(Data extracted from a collection)
=======
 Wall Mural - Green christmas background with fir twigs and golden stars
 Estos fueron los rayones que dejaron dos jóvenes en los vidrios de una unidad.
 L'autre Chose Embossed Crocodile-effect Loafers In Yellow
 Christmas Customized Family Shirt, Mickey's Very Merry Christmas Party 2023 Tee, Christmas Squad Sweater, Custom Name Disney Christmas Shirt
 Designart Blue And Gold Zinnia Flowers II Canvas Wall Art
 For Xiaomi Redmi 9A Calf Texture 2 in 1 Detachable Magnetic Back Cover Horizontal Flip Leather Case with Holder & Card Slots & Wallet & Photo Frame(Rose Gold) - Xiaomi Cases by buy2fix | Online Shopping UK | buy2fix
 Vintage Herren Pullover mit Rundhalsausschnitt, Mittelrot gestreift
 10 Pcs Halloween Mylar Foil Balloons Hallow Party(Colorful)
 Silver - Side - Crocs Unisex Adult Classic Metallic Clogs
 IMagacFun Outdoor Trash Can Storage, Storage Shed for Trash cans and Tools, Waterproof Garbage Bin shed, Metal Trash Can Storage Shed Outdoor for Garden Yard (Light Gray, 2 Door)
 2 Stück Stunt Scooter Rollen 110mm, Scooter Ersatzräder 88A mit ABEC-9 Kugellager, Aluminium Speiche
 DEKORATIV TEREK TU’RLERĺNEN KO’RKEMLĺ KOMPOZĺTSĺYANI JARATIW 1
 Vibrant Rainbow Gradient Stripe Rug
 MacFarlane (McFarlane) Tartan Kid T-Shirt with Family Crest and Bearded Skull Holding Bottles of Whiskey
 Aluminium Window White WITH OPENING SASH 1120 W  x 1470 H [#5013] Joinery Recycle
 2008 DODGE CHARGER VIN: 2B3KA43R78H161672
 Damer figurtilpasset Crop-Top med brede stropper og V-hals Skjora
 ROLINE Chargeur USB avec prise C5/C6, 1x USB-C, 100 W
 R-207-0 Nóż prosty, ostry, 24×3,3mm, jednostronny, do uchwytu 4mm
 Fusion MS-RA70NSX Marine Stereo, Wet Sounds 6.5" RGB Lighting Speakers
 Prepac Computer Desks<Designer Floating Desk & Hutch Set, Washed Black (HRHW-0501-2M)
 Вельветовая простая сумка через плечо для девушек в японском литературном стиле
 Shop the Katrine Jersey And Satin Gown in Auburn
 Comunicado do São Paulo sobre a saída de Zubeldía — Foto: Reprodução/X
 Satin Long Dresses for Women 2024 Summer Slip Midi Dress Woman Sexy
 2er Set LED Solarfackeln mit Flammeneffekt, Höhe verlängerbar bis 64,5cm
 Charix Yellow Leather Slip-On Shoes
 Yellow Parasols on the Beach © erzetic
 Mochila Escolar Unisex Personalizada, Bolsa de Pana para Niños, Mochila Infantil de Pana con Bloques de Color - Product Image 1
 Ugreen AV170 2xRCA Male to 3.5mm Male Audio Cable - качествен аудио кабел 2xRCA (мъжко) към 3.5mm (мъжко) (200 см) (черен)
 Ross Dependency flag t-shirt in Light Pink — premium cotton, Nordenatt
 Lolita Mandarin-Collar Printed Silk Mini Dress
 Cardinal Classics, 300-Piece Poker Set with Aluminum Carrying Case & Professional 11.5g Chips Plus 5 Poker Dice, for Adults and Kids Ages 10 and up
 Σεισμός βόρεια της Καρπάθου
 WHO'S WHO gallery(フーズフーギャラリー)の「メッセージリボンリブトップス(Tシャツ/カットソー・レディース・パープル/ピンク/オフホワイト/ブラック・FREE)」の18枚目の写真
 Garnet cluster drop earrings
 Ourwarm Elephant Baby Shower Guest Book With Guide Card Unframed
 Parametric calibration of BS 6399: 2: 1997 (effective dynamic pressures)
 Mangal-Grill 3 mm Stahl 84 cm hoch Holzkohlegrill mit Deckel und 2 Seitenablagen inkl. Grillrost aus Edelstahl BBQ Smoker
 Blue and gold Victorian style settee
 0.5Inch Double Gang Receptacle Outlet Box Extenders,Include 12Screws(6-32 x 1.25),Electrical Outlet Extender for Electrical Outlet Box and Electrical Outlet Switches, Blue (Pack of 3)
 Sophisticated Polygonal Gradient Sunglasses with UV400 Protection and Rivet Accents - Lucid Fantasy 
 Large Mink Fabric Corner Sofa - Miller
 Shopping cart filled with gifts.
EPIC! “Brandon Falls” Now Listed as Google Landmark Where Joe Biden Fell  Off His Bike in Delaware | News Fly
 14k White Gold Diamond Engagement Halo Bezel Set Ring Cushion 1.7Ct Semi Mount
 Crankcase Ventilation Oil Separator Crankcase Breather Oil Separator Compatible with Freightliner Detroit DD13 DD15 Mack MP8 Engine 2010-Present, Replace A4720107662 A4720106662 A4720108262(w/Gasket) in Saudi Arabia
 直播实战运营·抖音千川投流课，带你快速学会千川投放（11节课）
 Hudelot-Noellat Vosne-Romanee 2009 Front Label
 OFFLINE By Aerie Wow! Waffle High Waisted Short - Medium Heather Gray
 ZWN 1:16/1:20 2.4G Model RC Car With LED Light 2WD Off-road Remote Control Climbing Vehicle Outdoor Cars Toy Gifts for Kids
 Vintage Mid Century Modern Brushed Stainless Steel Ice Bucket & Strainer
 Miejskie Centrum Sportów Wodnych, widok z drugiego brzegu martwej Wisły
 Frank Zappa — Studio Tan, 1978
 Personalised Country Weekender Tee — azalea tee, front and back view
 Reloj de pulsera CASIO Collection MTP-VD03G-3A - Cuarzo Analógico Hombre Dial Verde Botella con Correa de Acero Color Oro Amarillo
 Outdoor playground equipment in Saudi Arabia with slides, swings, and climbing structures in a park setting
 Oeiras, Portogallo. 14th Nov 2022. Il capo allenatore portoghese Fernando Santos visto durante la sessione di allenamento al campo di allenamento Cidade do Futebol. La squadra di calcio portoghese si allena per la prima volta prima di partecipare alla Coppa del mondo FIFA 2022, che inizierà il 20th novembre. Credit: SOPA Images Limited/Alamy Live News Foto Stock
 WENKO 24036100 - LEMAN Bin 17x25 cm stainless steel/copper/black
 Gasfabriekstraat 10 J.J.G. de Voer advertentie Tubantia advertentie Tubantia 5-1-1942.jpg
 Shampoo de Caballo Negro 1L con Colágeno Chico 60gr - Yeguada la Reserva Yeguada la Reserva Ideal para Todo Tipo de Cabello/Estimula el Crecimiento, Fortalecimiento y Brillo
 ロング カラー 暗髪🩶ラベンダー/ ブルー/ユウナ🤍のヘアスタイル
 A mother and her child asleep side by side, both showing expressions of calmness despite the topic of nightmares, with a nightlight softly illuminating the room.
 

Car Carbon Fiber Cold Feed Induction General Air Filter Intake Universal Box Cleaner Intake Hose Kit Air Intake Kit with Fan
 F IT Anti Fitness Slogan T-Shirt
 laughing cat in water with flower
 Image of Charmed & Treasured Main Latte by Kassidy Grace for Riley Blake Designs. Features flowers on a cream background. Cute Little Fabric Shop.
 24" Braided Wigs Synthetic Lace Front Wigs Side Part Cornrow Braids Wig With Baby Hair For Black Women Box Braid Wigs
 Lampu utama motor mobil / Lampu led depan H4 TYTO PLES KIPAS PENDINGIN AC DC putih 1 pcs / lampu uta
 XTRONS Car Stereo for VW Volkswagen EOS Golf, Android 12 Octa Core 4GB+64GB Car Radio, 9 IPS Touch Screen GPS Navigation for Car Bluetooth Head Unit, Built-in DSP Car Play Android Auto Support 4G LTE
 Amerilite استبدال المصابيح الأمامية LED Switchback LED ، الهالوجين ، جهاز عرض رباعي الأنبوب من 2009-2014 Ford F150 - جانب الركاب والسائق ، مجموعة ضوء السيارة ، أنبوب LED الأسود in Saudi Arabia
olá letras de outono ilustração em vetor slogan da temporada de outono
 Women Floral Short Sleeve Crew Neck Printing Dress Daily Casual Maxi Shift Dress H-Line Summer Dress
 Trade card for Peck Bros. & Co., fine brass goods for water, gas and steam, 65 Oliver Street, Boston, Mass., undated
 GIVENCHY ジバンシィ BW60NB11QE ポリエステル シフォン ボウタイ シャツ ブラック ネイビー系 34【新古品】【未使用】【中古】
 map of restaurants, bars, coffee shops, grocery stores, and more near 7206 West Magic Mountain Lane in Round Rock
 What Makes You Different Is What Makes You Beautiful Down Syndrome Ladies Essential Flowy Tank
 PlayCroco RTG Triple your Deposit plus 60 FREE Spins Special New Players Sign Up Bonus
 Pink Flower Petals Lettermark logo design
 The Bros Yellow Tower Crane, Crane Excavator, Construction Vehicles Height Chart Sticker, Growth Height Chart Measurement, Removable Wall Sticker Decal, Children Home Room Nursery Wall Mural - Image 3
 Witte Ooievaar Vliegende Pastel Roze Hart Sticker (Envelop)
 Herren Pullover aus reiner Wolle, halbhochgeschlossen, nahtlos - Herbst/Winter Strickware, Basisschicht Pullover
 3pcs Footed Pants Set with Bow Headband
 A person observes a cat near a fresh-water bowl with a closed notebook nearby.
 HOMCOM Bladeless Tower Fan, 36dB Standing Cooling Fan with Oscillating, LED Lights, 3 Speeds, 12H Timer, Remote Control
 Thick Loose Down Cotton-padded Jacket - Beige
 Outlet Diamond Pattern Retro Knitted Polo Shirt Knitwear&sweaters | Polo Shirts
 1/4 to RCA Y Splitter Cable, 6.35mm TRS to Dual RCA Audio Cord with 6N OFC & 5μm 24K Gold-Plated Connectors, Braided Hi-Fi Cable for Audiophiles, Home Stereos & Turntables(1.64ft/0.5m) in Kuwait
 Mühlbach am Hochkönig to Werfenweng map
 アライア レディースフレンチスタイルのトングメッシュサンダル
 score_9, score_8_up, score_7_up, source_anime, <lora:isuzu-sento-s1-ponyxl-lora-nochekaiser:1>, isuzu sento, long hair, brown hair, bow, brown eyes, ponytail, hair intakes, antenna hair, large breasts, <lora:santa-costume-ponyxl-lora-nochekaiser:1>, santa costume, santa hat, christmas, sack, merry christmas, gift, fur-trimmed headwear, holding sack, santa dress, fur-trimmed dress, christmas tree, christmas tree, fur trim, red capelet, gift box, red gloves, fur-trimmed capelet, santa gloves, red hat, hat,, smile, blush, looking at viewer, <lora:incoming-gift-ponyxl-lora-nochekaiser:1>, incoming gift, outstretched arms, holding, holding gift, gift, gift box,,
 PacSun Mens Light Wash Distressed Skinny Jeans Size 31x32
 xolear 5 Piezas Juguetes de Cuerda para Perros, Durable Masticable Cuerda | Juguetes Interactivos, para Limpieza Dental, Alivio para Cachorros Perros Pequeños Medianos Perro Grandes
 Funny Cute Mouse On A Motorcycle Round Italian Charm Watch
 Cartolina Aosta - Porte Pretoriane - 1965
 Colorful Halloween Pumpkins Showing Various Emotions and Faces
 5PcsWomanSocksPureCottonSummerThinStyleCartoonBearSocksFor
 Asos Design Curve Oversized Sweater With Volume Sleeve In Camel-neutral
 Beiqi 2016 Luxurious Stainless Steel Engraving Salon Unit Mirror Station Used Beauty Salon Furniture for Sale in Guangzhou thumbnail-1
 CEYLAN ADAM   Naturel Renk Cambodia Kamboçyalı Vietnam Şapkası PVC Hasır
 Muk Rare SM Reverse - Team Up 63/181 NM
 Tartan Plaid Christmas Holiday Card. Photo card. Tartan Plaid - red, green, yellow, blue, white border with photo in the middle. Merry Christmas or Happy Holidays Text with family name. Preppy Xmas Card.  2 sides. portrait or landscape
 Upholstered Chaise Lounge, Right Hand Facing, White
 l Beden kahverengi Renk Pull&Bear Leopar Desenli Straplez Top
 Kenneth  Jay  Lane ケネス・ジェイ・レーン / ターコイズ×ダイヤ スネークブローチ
=======
● TASK BRIEF: Print again the lines of the entries above that fall between the line holding "Pink Flower Petals Lettermark logo design" and the line holding "A person observes", inclusive, exactly as they stand.

● SOLUTION TO THE PROBLEM:
 Pink Flower Petals Lettermark logo design
 The Bros Yellow Tower Crane, Crane Excavator, Construction Vehicles Height Chart Sticker, Growth Height Chart Measurement, Removable Wall Sticker Decal, Children Home Room Nursery Wall Mural - Image 3
 Witte Ooievaar Vliegende Pastel Roze Hart Sticker (Envelop)
 Herren Pullover aus reiner Wolle, halbhochgeschlossen, nahtlos - Herbst/Winter Strickware, Basisschicht Pullover
 3pcs Footed Pants Set with Bow Headband
 A person observes a cat near a fresh-water bowl with a closed notebook nearby.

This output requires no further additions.